It depends...
It all depends on what you're gonna use them for.
Tracking:
Any cheap closed phone that doesn't leak is gonna do it, because all that matters is isolation
Monitoring certain areas of the spectrum, using phones as microscopes:
- Sony 7506 is about the best "highlighter" I know. Doesn't sound balanced or good at all, but points out low-bass and digital noise very well. Most engineers I know check their mixes on these. They're the NS-10 of headphones.
- Sony 7509 isn't half bad either, flatter response than the 7506, but less highlighting effect.
- Senn HD280 needs a lot of burn-in time (more than 200 hours) to sound right. Bass is very deep, but it's really hard to judge the impact.
Mixing/Mastering:
If you plan on mixing/mastering with phones, I suggest high quality headphones that are relatively flat and diffuse-field equalized, which means open headphones in the vein of
the Sennheiser HD600, AKG K240DF,
AKG K501,
Sennheiser HD595, Stax electrostatics,
BeyerDynamic DT-880, etc. I use the HD600 and get very good results (to my taste at least).You need an headphone amp to get the most of those though.

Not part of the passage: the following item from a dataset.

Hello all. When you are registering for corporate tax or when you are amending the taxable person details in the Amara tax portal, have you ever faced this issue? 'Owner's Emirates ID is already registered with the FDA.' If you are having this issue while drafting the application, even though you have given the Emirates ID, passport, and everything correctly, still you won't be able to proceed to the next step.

Don't listen to anyone that tells you you can't mix with headphones. This is only true if you don't listen to music in headphones all the time. I never listen to speakers cause they all sound like shite to me compared to good open headphones. Since I only listen to music on headphones, mixing is easy. Headphones also take the room out of the equation (which means less $$$ spent) and they provide a much better sense of bass than nearfields/mid-fields. And don't even get me started about the hassle of having a room treated for a sub...LOL! Headphone are a low-cost excellent solution. The only speakers I can handle now are some B&W Nautilus in a treated room, everything else sounds muddy and fake.